- [Stored dataset items]
____________________

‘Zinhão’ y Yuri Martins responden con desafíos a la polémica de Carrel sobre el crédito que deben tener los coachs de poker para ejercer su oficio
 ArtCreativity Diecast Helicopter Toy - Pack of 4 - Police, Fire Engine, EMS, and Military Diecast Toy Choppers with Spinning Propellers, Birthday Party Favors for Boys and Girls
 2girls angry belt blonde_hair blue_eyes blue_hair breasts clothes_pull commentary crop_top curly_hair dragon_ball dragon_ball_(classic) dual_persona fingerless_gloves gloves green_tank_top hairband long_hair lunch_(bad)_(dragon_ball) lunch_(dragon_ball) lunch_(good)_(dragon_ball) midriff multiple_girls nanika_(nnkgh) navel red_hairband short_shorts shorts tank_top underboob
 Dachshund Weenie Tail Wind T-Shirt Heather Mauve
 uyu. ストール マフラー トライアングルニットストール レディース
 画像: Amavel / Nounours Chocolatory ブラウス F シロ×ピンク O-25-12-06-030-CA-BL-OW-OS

____________________

- [REQUIRED WORK] The lines to copy run from the one containing "ArtCreativity Diecast Helicopter" through the last line above. Copy them exactly and include nothing else.

- [FINISHED TASK]
 ArtCreativity Diecast Helicopter Toy - Pack of 4 - Police, Fire Engine, EMS, and Military Diecast Toy Choppers with Spinning Propellers, Birthday Party Favors for Boys and Girls
 2girls angry belt blonde_hair blue_eyes blue_hair breasts clothes_pull commentary crop_top curly_hair dragon_ball dragon_ball_(classic) dual_persona fingerless_gloves gloves green_tank_top hairband long_hair lunch_(bad)_(dragon_ball) lunch_(dragon_ball) lunch_(good)_(dragon_ball) midriff multiple_girls nanika_(nnkgh) navel red_hairband short_shorts shorts tank_top underboob
 Dachshund Weenie Tail Wind T-Shirt Heather Mauve
 uyu. ストール マフラー トライアングルニットストール レディース
 画像: Amavel / Nounours Chocolatory ブラウス F シロ×ピンク O-25-12-06-030-CA-BL-OW-OS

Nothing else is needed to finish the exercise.